The international benchmark Brent crude futures rose above $70 per barrel earlier in the session before trading at $69.69 per barrel.
The United States West Texas Intermediate (WTI) crude futures were at $64.22 per barrel but Reuters reported that trading was relatively slow due to a national holiday in the United States.
After falling from an all-time high of $147 per barrel in July 2008, Brent crude price had hit a peak of $115 per barrel in June 2014 before the excess inventory in the oil market forced the price down to $27 per barrel in February 2016.
WTI also reached a peak of $105 per barrel in June 2014 before the sharp drop in oil prices.
However, a production-cutting pact between the OPEC, Russia and other producers has given a strong tailwind to oil prices, with both benchmarks hitting levels not seen since December 2014.
OPEC, together with Russia and a group of other producers, last November extended an output-cutting deal to cover all of 2018.

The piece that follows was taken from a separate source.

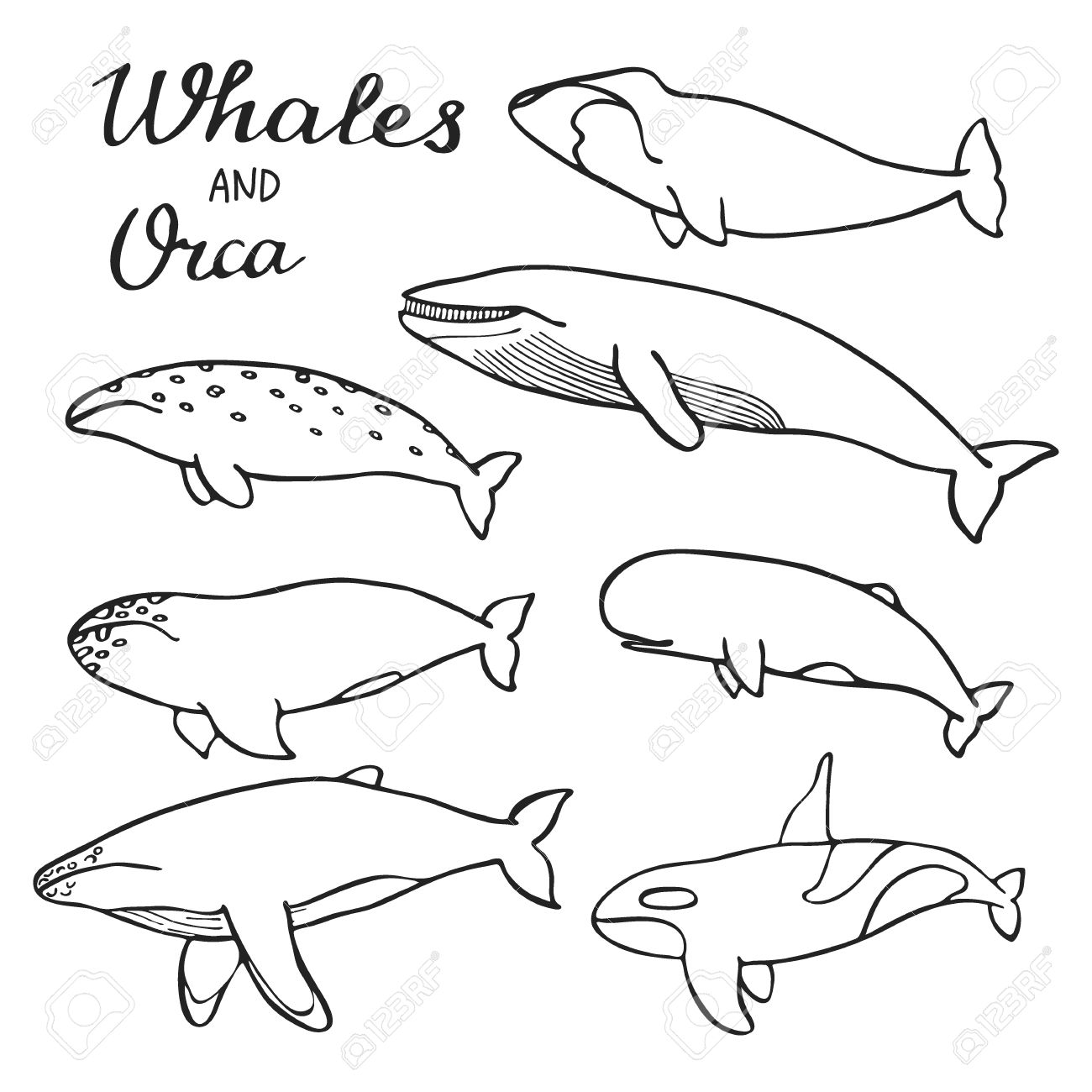 1300x1300 Whales And Orca Set. Hand Drawn Cartoon Collection Of Sea Mammals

The cartel had at their November 30, 2017 meeting agreed to extend oil output cuts until the end of 2018 as part of the global efforts to eliminate excess oil supply that had dogged oil prices in the markets since 2014.
The current deal, under which OPEC and non-OPEC producers are cutting supply by about 1.8 million barrels per day, expires in March 2018.

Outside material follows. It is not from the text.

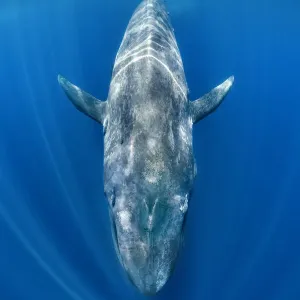 Blue whale (Balaenoptera musculus) swimming beneath the surface of the ocean. Indian Ocean Blue whale (Balaenoptera musculus) swimming beneath the surface of the ocean. Indian Ocean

OPEC is cutting output by even more than it promised and the restraint is reducing oil stocks globally, a trend most visible in the United States, the world’s largest and most transparent oil market.

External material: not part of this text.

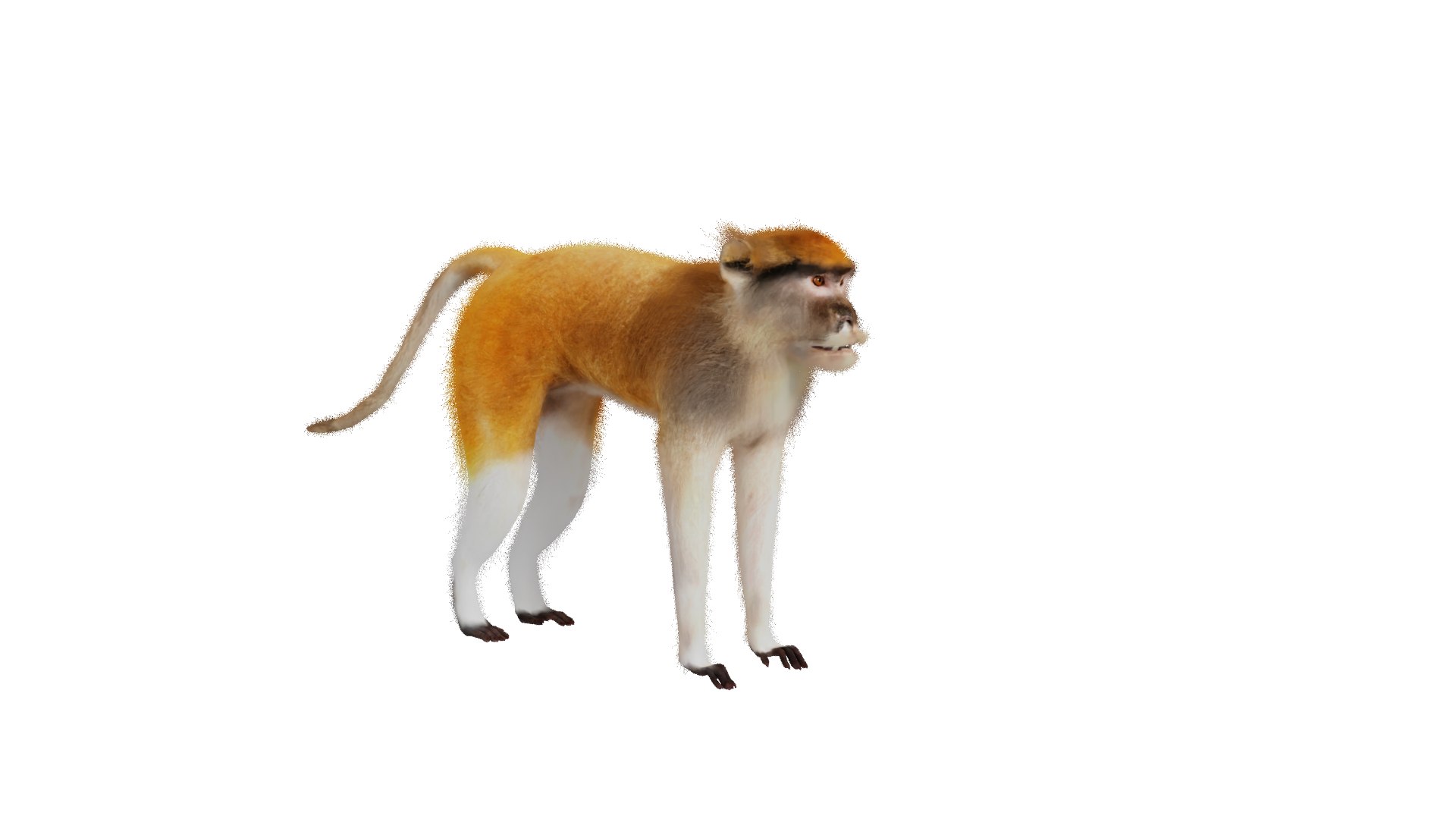 3D Male Patas Monkey https://p.turbosquid.com/ts-thumb/Xh/iP94fZ/im/patas_monkey_preview/png/1781189139/1920x1080/fit_q87/f303d2f3e16cd9520b30a92aaa0ab2292a3a5a90/patas_monkey_preview.jpg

Growing signs of a tightening market after a three-year rout have bolstered confidence among traders and analysts that prices can be sustained near current levels.
The decision to extend the production cuts has seen crude oil prices rising, but a major factor countering efforts by OPEC and Russia is US oil production which has soared and is fast approaching 10 million bpd.
A number of analysts have warned that the 13 per cent rally since the start of 2018 could peter out in the short term due to global refinery maintenance, which could limit crude demand and rising North American production.
With oil prices above $60, Russia had earlier before the extension of the output cuts, expressed concern that an extension for the whole of 2018 could prompt a spike in crude production in the United States, which is not participating in the deal.
Russia needs much lower oil prices to balance its budget than OPEC’s leader Saudi Arabia, which is preparing a stock market listing for national energy giant Aramco this year and would hence benefit from pricier crude.
However, some in the producers’ group fear current price gains could prompt shale companies to flood the market.
US crude oil production is expected to hit 10 million barrels per day (bpd) this month, leaving only Russia and Saudi Arabia at higher levels.
US energy companies added 10 oil rigs in the week to January 12, taking the number to 752, energy service firm Baker Hughes said at the weekend.
That was the biggest increase since June 2017.
In Canada, energy firms almost doubled the number of rigs drilling for oil last week to 185, the highest level in 10 months.